Bu iddialarda bulunanlar komple teorileri ile suçlansalar da, ellerindeki görsel delâil, söylenenleri alenen kanıtlar niteliktedir. Nitekim, İkiz binalar yıkılmadan birkaç saniye önce, o bina kompleksine bağlı olan çevredeki bodur binaların, patlayarak yıkılmalarını izah edebilmek mümkün değildir. Ve bu işin sistemli ve kasti bir yıkım olmasının delilidir. 

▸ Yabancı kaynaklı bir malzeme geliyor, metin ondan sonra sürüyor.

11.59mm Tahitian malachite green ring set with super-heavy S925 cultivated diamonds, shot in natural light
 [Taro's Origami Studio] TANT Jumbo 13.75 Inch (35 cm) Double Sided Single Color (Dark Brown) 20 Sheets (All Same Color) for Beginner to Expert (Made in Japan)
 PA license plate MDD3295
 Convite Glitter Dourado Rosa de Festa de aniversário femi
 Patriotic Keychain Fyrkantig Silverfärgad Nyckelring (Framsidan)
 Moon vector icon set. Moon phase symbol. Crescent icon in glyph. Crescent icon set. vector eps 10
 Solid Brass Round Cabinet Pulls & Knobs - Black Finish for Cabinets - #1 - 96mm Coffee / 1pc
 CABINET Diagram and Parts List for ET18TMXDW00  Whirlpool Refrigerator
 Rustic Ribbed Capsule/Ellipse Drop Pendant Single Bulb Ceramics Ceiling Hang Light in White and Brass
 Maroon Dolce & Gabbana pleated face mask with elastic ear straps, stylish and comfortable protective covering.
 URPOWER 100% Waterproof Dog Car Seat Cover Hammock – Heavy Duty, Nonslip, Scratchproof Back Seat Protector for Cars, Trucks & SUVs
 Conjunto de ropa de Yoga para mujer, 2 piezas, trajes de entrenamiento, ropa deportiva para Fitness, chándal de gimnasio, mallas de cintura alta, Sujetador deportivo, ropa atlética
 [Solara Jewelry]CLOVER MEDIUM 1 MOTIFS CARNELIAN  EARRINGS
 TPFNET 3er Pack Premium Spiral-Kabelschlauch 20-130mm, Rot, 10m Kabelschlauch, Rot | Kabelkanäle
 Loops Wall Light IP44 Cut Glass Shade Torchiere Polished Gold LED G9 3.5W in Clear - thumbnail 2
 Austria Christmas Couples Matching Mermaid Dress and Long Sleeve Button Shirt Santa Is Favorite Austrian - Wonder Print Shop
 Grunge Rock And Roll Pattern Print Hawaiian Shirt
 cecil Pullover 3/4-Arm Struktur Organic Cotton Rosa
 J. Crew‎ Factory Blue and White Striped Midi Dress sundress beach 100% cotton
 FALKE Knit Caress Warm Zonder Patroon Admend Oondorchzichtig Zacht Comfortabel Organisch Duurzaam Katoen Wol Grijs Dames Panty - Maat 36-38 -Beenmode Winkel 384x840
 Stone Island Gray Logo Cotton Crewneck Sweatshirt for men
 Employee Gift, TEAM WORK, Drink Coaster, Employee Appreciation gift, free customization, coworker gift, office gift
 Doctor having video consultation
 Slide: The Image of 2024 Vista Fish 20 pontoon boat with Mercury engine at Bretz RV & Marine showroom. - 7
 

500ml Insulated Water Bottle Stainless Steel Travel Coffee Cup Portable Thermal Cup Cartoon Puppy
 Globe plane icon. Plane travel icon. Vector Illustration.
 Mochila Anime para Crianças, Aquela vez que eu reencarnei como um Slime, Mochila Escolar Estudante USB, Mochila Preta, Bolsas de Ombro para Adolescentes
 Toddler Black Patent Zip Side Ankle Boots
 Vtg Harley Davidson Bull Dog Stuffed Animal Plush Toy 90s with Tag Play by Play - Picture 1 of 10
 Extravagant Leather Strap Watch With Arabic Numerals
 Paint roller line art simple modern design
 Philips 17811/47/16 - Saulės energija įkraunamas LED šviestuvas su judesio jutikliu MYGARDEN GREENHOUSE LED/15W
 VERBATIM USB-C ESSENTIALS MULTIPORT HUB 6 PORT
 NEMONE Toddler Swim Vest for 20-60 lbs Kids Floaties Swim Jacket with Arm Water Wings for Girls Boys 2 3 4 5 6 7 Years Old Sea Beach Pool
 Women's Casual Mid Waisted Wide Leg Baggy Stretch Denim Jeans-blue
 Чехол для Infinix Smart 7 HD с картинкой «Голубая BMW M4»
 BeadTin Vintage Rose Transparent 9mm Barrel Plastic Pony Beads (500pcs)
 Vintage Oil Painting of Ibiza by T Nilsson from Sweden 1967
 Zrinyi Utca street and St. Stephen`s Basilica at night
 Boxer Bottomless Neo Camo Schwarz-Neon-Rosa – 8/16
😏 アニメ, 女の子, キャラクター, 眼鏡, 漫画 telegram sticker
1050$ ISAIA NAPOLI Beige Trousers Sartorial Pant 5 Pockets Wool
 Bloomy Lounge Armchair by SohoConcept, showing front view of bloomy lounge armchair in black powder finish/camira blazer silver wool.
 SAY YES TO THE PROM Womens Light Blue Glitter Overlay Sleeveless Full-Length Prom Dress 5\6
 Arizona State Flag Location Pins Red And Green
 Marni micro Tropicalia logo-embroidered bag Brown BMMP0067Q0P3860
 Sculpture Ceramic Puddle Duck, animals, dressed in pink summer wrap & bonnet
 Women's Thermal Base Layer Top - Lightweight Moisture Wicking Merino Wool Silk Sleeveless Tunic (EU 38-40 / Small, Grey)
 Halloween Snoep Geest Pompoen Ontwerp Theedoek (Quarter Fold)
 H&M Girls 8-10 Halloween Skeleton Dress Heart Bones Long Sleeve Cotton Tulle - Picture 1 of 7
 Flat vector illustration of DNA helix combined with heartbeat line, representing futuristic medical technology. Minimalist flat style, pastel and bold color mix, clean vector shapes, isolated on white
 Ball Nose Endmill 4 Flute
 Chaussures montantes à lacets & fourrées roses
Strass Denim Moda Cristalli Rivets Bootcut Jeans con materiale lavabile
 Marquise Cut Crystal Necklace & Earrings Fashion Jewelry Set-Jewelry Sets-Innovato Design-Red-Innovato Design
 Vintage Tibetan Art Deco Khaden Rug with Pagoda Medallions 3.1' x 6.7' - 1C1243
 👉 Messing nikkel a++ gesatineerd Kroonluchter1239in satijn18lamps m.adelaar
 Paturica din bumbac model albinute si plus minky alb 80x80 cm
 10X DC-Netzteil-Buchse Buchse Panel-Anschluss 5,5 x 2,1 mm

Bilindiği gibi enkaza ve olaylara ait yakın plân hiçbir görüntü basına sızmamıştır. Çünkü basın olayın yakın çevresine bile sokulmamıştır. Bir başka husus da, o binalarda bulunan 35 – 40 ton kadar altının ne olduğu, sualidir?!. Bu işleri plânlayanlar, acep bu parsayı paylaşmışlar mıdır? Ancak bundan çok daha önemli sualin, bu tür bir rezilliğe, yani Amerika’nın kendi kendisini vurmaya sevk eden esas sebebin ne olduğudur? 

Bu olayın olduğu ilk günden bu güne değin gelişen, 10 senelik olaylara baktığımız zaman, net olarak görürüz ki; bu meseleye ana gaye: Bir değil; birkaçtır. Öncelikle Dünya’daki İslâm nüfusu karşısına, etkili ve cebrezeli bir korku bloğu kurmak. Bu sayede gerekiyorsa, önüne gelen İslâm ülkesini vurmak. İslâm halkını Dünya’da rahat bırakmamak. Sonra başına “Büyük” palavrasını kayarak, “Orta Doğu’yu” güya “Projelendirirken”, bu civarları başta Türkiye olmak üzere, abluka ve hatta esaret altına almaktı. 

Kısacası topun ucunda İki ana unsur vardı. İslâm, İslâm nüfus alanları ve Türkiye. Çünkü bilinen odur ki; Türk kaldıkça, İslâm da kalacaktır. Bu ikisi için de o İki kule ve Pentagon hatta öldürdükleri 3.000 – 3.500 kişi de çok azdır. Bu sebeple de Amerikanyalı liderler bu sığ ve insanlık dışı projeyi geliştirmiş olmaktan, hiç çekinmemişlerdir. Ve bu uydurma olay üzerine de Orta Doğu’ya gelerek milyonlarca insanın ölümüne ve perişânlığına imza atmakta en ufak bir tereddüt duymamışlardır. 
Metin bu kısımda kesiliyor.